In some implementations, one or more computing devices (e.g., servers and/or devices) are used to perform the processing of environment 100. The one or more computing devices may include, but are not limited to, server devices, personal computers, a mobile device, such as, a mobile telephone, a smartphone, a PDA, a tablet, or a laptop, and/or a non-mobile device. The features and functionalities discussed herein in connection with the various systems may be implemented on one computing device or across multiple computing devices. For example, the selection model 102, the datastores 104, 106, the generation model 108, and/or the display 110 are implemented wholly on the same computing device. Another example includes one or more subcomponents of the selection model 102, the datastores 104, 106, the generation model 108, and/or the display 110 implemented across multiple computing devices. Moreover, in some implementations, the selection model 102, the datastores 104, 106, the generation model 108, and/or the display 110 may be implemented are processed on different server devices of the same or different cloud computing networks.

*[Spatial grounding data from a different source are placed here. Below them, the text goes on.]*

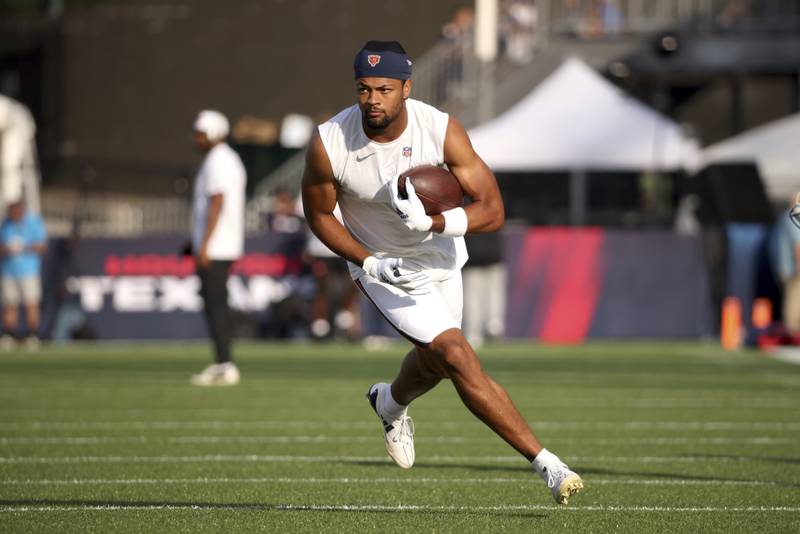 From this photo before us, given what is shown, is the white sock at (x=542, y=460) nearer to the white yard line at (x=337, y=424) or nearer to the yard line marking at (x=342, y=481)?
the yard line marking at (x=342, y=481)

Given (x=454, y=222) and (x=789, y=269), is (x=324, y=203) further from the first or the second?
(x=789, y=269)

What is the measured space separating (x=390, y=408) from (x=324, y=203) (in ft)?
3.63

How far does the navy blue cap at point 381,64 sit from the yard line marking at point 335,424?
153 inches

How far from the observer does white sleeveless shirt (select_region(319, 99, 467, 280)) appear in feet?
23.2

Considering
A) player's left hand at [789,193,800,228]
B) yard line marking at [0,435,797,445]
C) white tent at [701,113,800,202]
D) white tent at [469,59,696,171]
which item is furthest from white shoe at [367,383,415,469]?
white tent at [701,113,800,202]

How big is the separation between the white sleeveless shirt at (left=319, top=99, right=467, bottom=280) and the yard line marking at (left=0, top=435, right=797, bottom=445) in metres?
2.45

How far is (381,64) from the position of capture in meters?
6.88

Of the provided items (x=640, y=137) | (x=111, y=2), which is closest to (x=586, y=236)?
(x=640, y=137)

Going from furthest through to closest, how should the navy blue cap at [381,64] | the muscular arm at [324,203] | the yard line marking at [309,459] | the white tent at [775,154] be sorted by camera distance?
the white tent at [775,154]
the yard line marking at [309,459]
the muscular arm at [324,203]
the navy blue cap at [381,64]

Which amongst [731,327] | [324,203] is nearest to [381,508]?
[324,203]

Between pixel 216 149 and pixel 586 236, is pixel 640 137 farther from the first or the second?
pixel 216 149

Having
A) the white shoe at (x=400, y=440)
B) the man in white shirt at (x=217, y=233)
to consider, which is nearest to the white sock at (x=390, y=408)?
the white shoe at (x=400, y=440)

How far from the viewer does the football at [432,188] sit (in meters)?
6.77

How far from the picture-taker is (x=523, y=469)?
27.3 feet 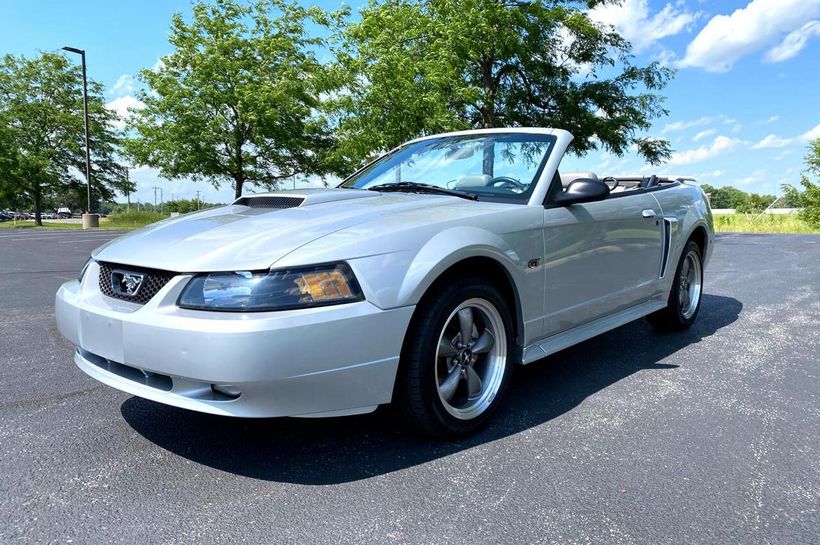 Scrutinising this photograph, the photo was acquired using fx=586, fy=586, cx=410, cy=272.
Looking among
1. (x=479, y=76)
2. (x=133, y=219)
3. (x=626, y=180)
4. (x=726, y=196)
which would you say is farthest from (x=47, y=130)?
(x=726, y=196)

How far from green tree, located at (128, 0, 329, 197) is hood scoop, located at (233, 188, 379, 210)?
22.1 metres

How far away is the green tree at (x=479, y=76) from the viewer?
12.6 m

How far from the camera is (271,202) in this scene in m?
3.10

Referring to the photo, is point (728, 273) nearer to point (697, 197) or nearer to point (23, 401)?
point (697, 197)

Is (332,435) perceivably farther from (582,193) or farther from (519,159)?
(519,159)

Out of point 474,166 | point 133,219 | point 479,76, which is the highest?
point 479,76

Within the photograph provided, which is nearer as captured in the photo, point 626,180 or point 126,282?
point 126,282

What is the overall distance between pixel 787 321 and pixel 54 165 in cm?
3867

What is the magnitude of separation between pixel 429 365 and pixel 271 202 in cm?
127

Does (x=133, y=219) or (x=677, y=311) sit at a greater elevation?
(x=133, y=219)

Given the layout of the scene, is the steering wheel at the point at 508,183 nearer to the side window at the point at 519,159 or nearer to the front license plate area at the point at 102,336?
the side window at the point at 519,159

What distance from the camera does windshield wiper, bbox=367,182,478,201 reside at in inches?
127

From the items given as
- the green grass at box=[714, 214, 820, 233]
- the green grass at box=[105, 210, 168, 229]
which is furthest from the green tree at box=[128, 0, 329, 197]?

In some implementations, each of the components of the environment 100 is in communication with each other using any suitable communication technologies. In addition, while the components of the environment 100 are shown to be separate, any of the components or subcomponents may be combined into fewer components, such as into a single component, or divided into more components as may serve a particular embodiment. In some implementations, the components of the environment 100 include hardware, software, or both. For example, the components of the environment 100 may include one or more instructions stored on a computer-readable storage medium and executable by processors of one or more computing devices. When executed by the one or more processors, the computer-executable instructions of one or more computing devices can perform one or more methods described herein. In some implementations, the components of the environment 100 include hardware, such as a special purpose processing device to perform a certain function or group of functions. In some implementations, the components of the environment 100 include a combination of computer-executable instructions and hardware.

The environment 100 may leverages the large volume of information provided in medical publications 16 to determine the criteria 24 for different sections 14 of the protocol document 10. As such, the environment 100 may be used to automatically generate or develop the criteria for the clinical study 12 to improve the coverage of the clinical study 12 so that the clinical study 12 is more successful.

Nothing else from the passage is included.